**Problem statement**: What lines in the records include the string "main"? Return each one.

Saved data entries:
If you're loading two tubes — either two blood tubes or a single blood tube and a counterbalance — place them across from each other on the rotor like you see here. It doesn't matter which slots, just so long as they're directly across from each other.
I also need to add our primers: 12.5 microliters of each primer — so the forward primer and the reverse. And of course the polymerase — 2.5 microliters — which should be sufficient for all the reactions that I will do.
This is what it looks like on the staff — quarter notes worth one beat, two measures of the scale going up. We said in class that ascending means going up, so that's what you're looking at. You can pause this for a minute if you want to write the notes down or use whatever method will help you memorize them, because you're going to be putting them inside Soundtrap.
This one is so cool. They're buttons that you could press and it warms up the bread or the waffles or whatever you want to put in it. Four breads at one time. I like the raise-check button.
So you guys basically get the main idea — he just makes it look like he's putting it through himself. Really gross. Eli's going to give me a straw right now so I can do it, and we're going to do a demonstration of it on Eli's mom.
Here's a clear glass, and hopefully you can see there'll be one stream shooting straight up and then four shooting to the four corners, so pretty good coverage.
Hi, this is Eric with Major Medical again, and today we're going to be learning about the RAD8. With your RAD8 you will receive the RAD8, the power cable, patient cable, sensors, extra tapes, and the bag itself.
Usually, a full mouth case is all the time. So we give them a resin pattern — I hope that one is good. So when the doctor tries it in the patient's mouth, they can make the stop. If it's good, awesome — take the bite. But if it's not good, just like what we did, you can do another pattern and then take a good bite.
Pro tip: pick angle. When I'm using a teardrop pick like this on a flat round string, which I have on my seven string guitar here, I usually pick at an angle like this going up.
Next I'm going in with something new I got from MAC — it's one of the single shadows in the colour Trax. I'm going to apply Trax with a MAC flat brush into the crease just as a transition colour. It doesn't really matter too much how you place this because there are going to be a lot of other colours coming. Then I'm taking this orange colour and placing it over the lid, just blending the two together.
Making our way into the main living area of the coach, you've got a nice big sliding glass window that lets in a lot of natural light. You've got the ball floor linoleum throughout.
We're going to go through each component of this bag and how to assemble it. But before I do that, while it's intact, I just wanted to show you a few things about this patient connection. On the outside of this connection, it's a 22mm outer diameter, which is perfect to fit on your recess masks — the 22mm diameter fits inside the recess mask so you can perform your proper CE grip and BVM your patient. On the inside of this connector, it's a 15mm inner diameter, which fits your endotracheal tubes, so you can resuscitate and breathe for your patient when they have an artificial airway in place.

**Solution to the exercise**:
So you guys basically get the main idea — he just makes it look like he's putting it through himself. Really gross. Eli's going to give me a straw right now so I can do it, and we're going to do a demonstration of it on Eli's mom.
Making our way into the main living area of the coach, you've got a nice big sliding glass window that lets in a lot of natural light. You've got the ball floor linoleum throughout.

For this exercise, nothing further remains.